East Norway History
Travel Tips for History of East Norway
Skien, East Norway, Norway
Skien's history goes back to the 9th century. The town is situated where the vast quantities of water from the Hardangervidda plateau flow into the Skiensfjorden. This was a natural staging post for goods en route for the hinterland, and an equally natural place for inland products to be collected and then shipped out. The timber trade was important to the commerce of the town and Skien was, for a time, Norway's biggest lumber town.
It is also the birthplace of Henrik Ibsen . The Ibsenhuset, the town's biggest cultural centre, busts and memorial columns, street names and signs, together with large Ibsen collections in the town's museums - are all evidence that the local population is aware of this fact. Since the 17th century the town has been regularly reduced to ashes every hundred years. The last time this happened was in 1886 when the whole of the town centre was destroyed.

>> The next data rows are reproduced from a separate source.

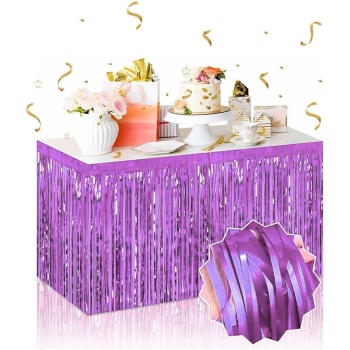 Kendinden Yapışkanlı Mor Metalize Püsküllü Masa Eteği – 75 X 275 Cm Parti Süslemesi (4915) Go-53-vice/(1395)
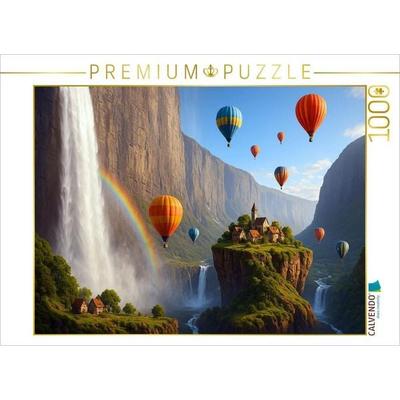 CALVENDO Puzzle Heißluftballons über einer surrealen Landschaft mit Regenbogen | 1000 Teile Lege-Größe 64x48cm Foto-Puzzle für glückliche Stunden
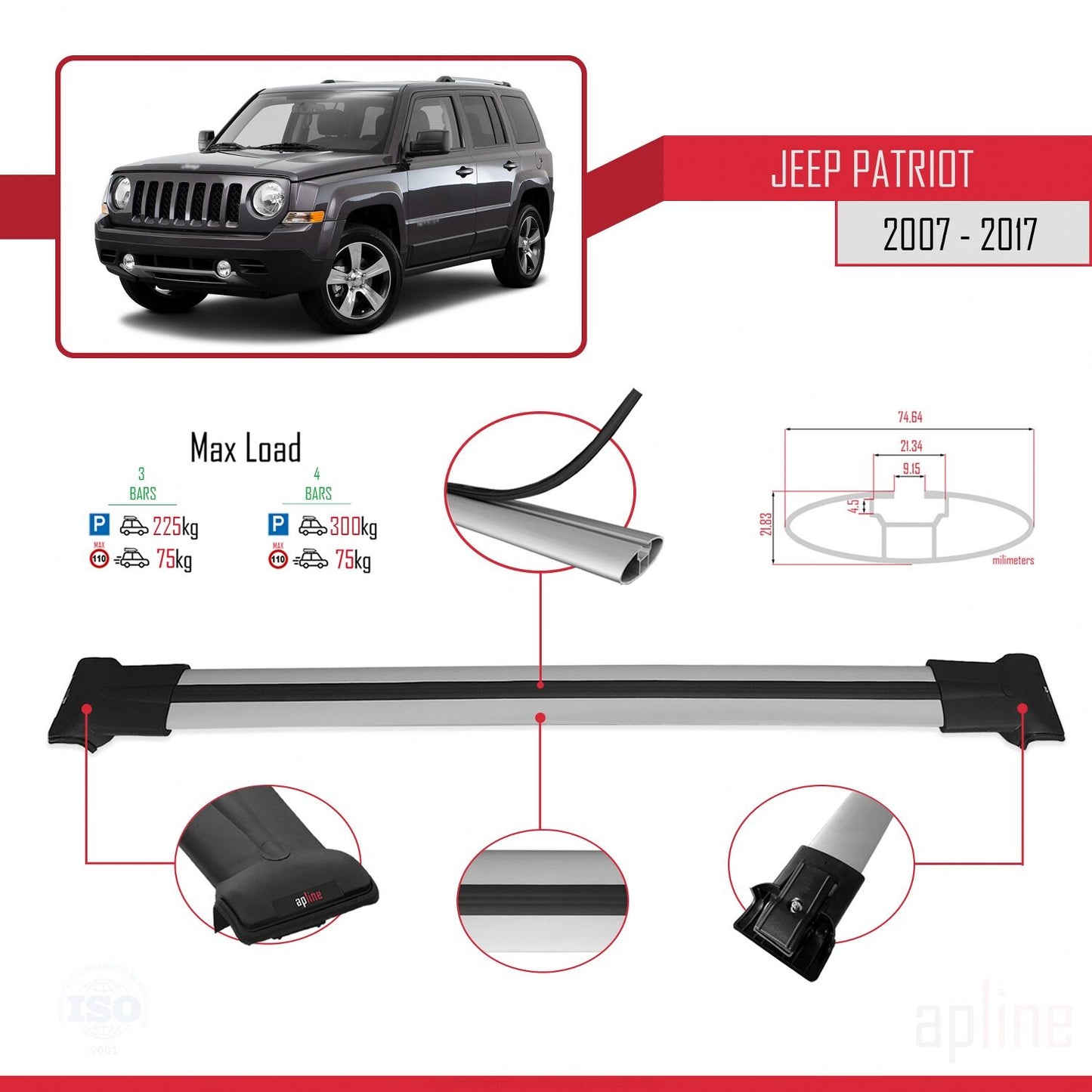 Compatible with Jeep Patriot 2007-2017 FLY Model Car Roof Rack Cross Bar Grey Aluminium 3 Bars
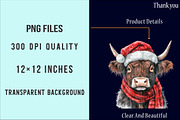Christmas Highland Cow Clipart, an Illustration by SinaCreation (Thumbnail 6 of 7)
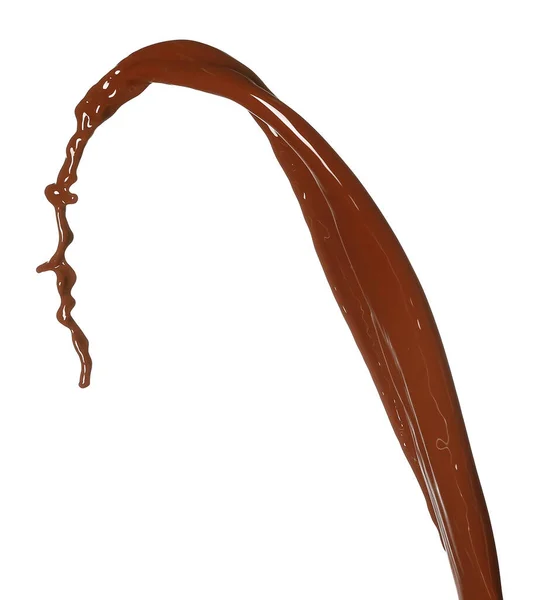 Salpicadura Chocolate Caliente Sobre Fondo Blanco — Foto de Stock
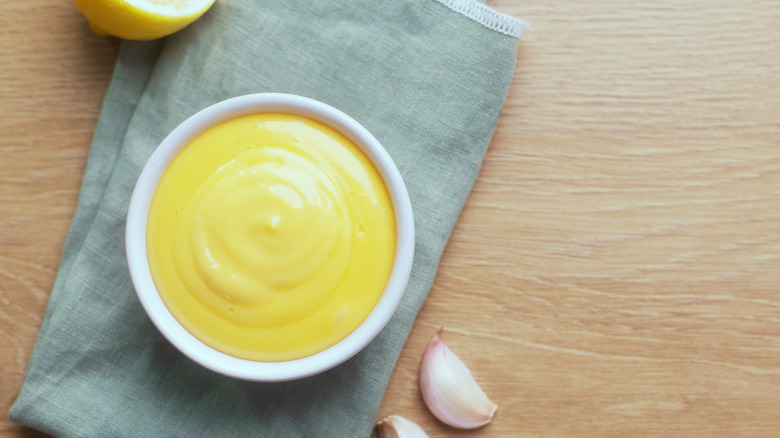 Aioli in white ramekin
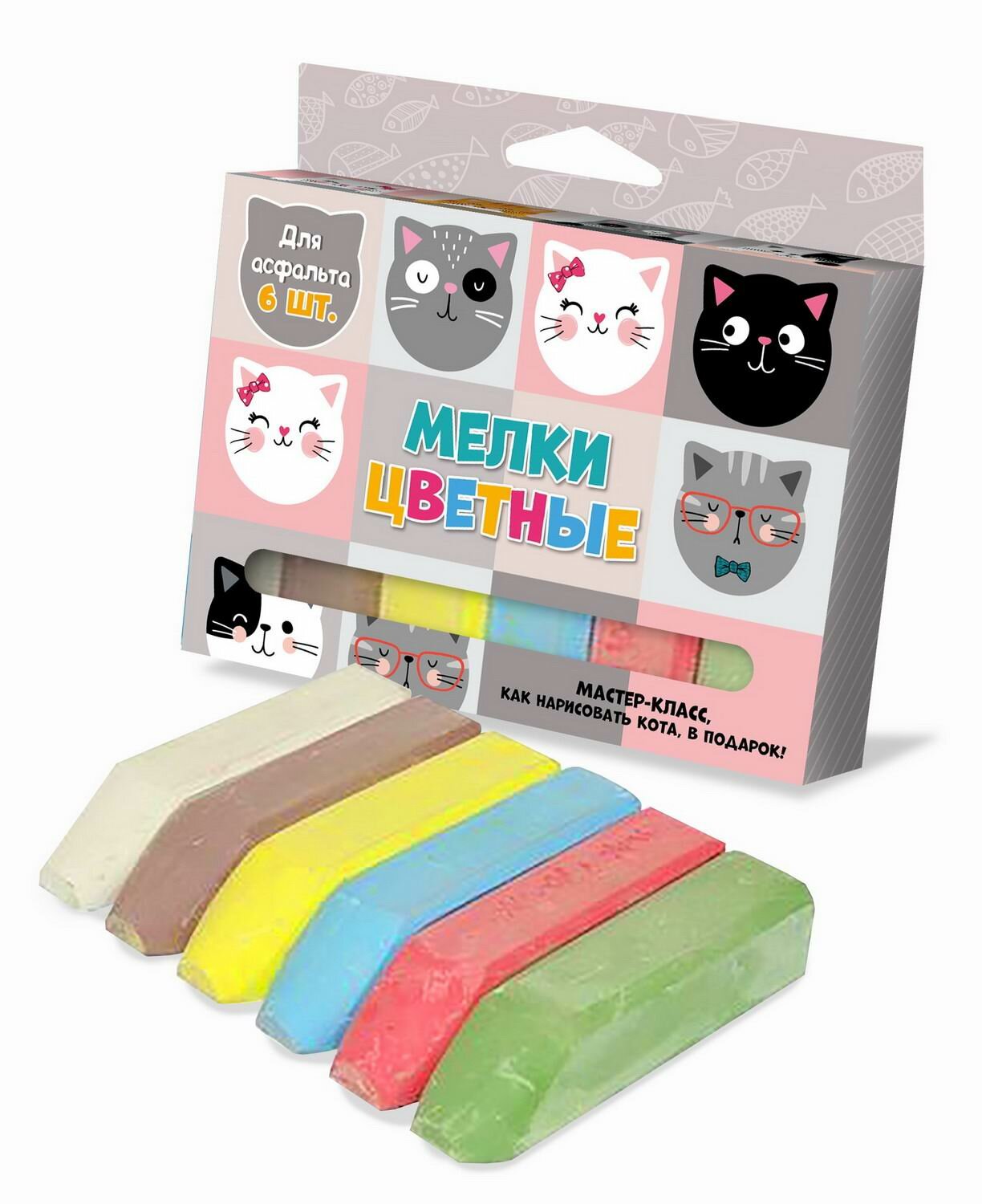 Набор цветных мелков ND Play Кошки с ушками для асфальта 6шт 123х84х22см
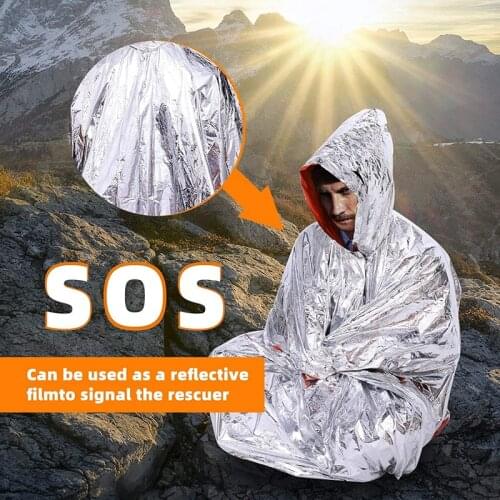 Emergency Blanket Poncho, 39.3x53inch Thermal Mylar Space Blanket Rain Ponchos Survival Gear and Equipment for Outdoor Activity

The architectural style of the turn of the century is, therefore, now predominant. The last old buildings are to be found in Snipetorp, a street which lies higher than the town centre, enabling it to escape the fires. Here, for example, is the house that Knud Ibsen moved into when he had to leave Venstøp and where his son Henrik also lived for a short time, before he decided to seek his fortune and left the town - never to return.

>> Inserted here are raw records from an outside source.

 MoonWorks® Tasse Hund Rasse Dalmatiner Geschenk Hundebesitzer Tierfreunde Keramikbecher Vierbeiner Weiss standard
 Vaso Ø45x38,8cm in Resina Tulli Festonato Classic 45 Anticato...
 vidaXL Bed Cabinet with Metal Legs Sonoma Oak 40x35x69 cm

Halden, East Norway, Norway
Haldenkanalen - This is the tipical case, when the journey is more important than reaching the destination. It is a perfect match for all ages. The Halden Canal is the oldest of the two canals in Norway, operates with four locks, the height difference is 26.6 meters. The journey by boat takes 3.5 hours from Tistedal to Stomsfoss, while you can admire both the nature and the operation of the locks, as well. The channel's history is presented on the Halden Canal Museum adjacent to Ørje locks.